Staff at the Hoppy Gnome tells the Food Tour about the restaurant's menu and history.

But to their surprise, the father-daughter duo realized about three years ago that Fort Wayne was lacking a food tour of its own.

While the Summit City had a growing number of premier local restaurants downtown, it didn’t have a way to showcase its evolving foodie culture, so they took it upon themselves to fill the gap.

Today, in their third year of operation, their business called Fort Wayne Food Tours takes groups of 8-12 guests to a handful of restaurants downtown to get a taste of the Summit City’s dining scene and learn about its local history while they’re at it.

Harter, right, jokes with guests on a Saturday food tour.

A historian by nature, Harter retired from his career in sales and marketing about eight years ago and has since been using his spare time to delve into his hobby.
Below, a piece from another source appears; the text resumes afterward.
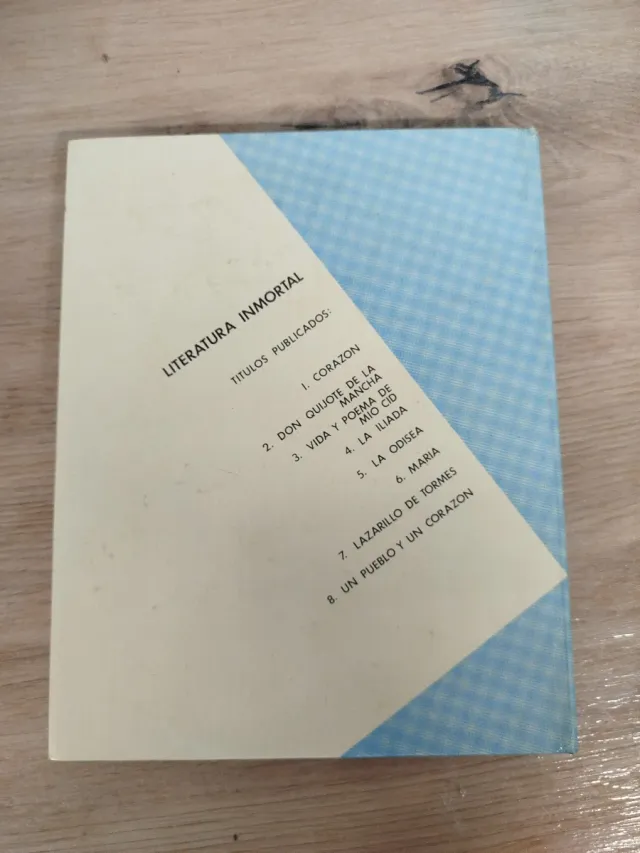 Libro antiguo Un Pueblo y un Corazón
He’s written three books on Fort Wayne history, founded the Fort Wayne History Roundtable, and become a docent on the Sweet Breeze canal boat.
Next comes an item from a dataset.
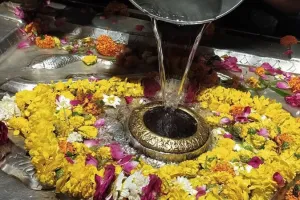 Sawan 7th Somwar 2023 : शिव मंदिरों में बाबा की भक्तों की भीड़, हर-हर महादेव के जयकारों के साथ कर रहे दर्शन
Between writing his first and second history books, his wife suggested teaming up with their daughter to launch Fort Wayne Food Tours as a creative outlet for his extensive knowledge.

“It’s that simple,” Harter says.

His daughter, Arnold, runs her own digital marketing company called Socially Seasoned. Since she and Harter launched Fort Wayne Food Tours, she’s taken over the behind-the-scenes roles on its website and social media, while he leads the tours downtown.

Sarah Arnold, left, and her father, Randy Harter run Fort Wayne Food Tours.

Each year, on Saturdays from April to October, Fort Wayne Food Tours takes guests on a 3.5-hour, 1.25-mile loop of the city center, stopping at four local eateries along the route. The 2019 lineup includes Don Hall’s Gas House, the Hoppy Gnome, Proximo, and DeBrand Fine Chocolates.

While some of the stops change from year-to-year as new restaurants open, Harter says one thing that remains the same is the food tour’s starting point at Don Hall’s Gas House on the banks of the St. Marys River.

Staff at Proximo tells the Food Tour about the restaurant's focus on Latin faire.

When Harter began the food tours, the Gas House was the first restaurant he approached because it had a spacious parking lot. Since then, its support of his concept and its unique role in local history have solidified its spot on the list.

The Halls family opened their first restaurant in Fort Wayne in 1946, Harter notes. Since then, they’ve opened about 10 restaurants in the Fort Wayne area, including the Gas House in 1957.

“The building was built in 1908,” Harter says. “The reason it’s called the Gas House is because this property here, including the parking lot, used to be a gas plant where they actually manufactured gas, primarily for lighting and for cooking.”

Harter shares the history of Hall's Gas House.

Along with a deep dive into the history of downtown’s hot spots and historic buildings, Fort Wayne Food Tours also offers its guests larger-than-average size portions of food.

“Compared the food tours I’ve been on, you’ll find that all four of our restaurants overfeed us,” Harter says. “They’re very generous, and I think that’s just part of the way Fort Wayne is.”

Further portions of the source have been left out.